This passage is either wrong and contradictory, or just plain wrong.

If the S.P. “seeks to remain ‘neutral’ in the conflict”, why does it follow a “policy of siding with the conservative as against the progressive forces in every contest”? Or how has it “invariably remained ‘neutral’ while progressives and militants fought” the reactionaries when it has “always wholeheartedly supported the ‘official’ labor leadership”, i.e., the same reactionaries?

The fact is that by its whole incorrigible nature, the S.P. is not and cannot be neutral in the trade unions, either with or without quotation marks, any more than can the other political groups in the labor movement. “Neutrality” in the trade unions, like its cousin “No politics in the unions”, has always been a pleasant mask behind which reaction fought against awakening class consciousness and against a class struggle policy and leadership. The Socialist party is just about as neutral in the trade unions as are the Communists.

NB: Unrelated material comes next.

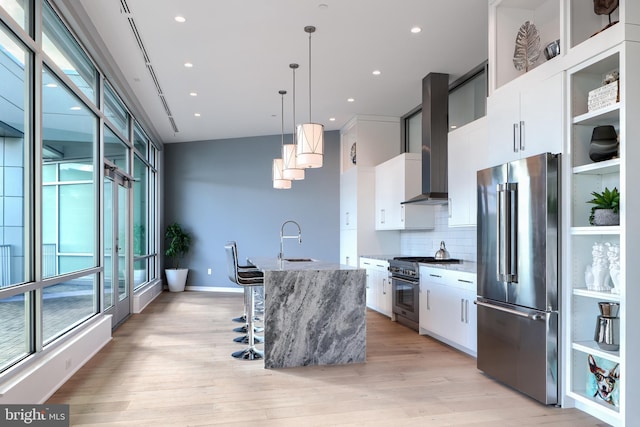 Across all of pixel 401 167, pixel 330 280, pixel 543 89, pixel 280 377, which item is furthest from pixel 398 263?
pixel 543 89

Directly and indirectly, the Socialist party is a prop and an ally of every reactionary, bureaucratic, class collaborationist group in the American trade unions in its struggle against the progressive and revolutionary forces. That is how it should be stigmatized.

Why is no mention made of the international connections of the Socialist party? Even for a party whose absorbing concern is with the problems in this country, the Second International is worth something more than one casual and one accidental reference. After all, it does live, and breathe, and poison the atmosphere. The fourth chapter of the statement cites, in curt parentheses, as one of the events which hastened the political evolution of the C.P.L.A. into the A.W.P. the “rise of Hitlerism”. A not unimportant contributor to this rise was the sister organization of the American Socialist party in Germany, that is, in every sense, the Second International as a whole.

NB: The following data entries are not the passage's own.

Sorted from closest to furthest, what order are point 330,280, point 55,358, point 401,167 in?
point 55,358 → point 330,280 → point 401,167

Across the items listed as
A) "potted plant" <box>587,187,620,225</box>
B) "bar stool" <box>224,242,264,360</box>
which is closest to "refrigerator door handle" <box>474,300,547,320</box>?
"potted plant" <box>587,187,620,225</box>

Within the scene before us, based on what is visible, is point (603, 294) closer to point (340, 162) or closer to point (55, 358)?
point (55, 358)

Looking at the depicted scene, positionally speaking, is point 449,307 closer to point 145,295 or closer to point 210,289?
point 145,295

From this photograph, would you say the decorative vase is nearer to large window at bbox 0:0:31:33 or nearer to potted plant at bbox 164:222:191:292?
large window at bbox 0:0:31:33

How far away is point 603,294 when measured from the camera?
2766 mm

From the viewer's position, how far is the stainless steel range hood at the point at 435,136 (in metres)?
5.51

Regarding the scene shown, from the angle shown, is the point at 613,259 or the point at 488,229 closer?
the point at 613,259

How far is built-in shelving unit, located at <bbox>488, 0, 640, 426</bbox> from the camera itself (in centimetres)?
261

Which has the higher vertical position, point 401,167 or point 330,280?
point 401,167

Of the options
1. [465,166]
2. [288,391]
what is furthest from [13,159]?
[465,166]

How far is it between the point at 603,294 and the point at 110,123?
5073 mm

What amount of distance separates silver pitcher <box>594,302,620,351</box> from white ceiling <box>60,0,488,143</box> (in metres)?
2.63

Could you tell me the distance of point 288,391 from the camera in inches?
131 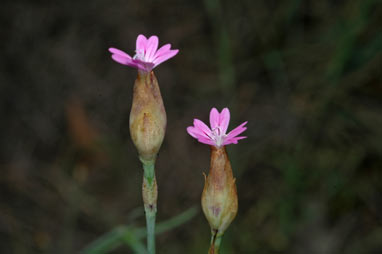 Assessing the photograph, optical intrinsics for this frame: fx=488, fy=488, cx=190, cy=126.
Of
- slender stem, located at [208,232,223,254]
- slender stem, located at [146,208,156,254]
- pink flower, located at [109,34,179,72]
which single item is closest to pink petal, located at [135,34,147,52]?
pink flower, located at [109,34,179,72]

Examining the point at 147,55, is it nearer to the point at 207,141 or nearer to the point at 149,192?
the point at 207,141

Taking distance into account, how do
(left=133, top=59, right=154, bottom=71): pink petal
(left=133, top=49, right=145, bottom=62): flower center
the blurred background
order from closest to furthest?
(left=133, top=59, right=154, bottom=71): pink petal → (left=133, top=49, right=145, bottom=62): flower center → the blurred background

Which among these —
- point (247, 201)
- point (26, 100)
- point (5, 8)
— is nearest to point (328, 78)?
point (247, 201)

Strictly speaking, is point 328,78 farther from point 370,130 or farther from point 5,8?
point 5,8

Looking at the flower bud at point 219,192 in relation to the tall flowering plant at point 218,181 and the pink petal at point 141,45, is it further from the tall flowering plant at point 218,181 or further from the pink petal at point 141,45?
the pink petal at point 141,45

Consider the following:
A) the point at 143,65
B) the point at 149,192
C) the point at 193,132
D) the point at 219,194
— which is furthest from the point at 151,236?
the point at 143,65

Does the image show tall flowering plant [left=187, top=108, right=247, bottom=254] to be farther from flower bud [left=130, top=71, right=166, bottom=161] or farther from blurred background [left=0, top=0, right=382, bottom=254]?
blurred background [left=0, top=0, right=382, bottom=254]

A revolutionary program which does not establish the bankruptcy and perfidy of the Second International in the imperialist war and in the post-war revolutionary storms (and it must), might at least record the fact (and the why of it) of the second terrific collapse and treachery of the Second International in Germany in 1933, and the irreconcilability of the revolutionary party with that International, its foundations and ideas. An organization which has proved to be so potent an instrument for the devastation of the world labor movement, cannot be so off-handishly dismissed by the program of a revolutionary party, unless the international aspect of the proletarian struggle for freedom is to be relegated to second, or third, or tenth place, or into an obscurity from which it is to be hauled out on annual holiday celebrations.

There is, unfortunately, a great deal in the A.W.P. statement which lends itself too easily to such a conception. If it should prevail, the results would be little less than fatal. The true revolutionist of today, despite the nationalist reaction which has intoxicated and poisoned whole sections of the labor movement, is like the true revolutionist of yesterday: first and foremost an internationalist.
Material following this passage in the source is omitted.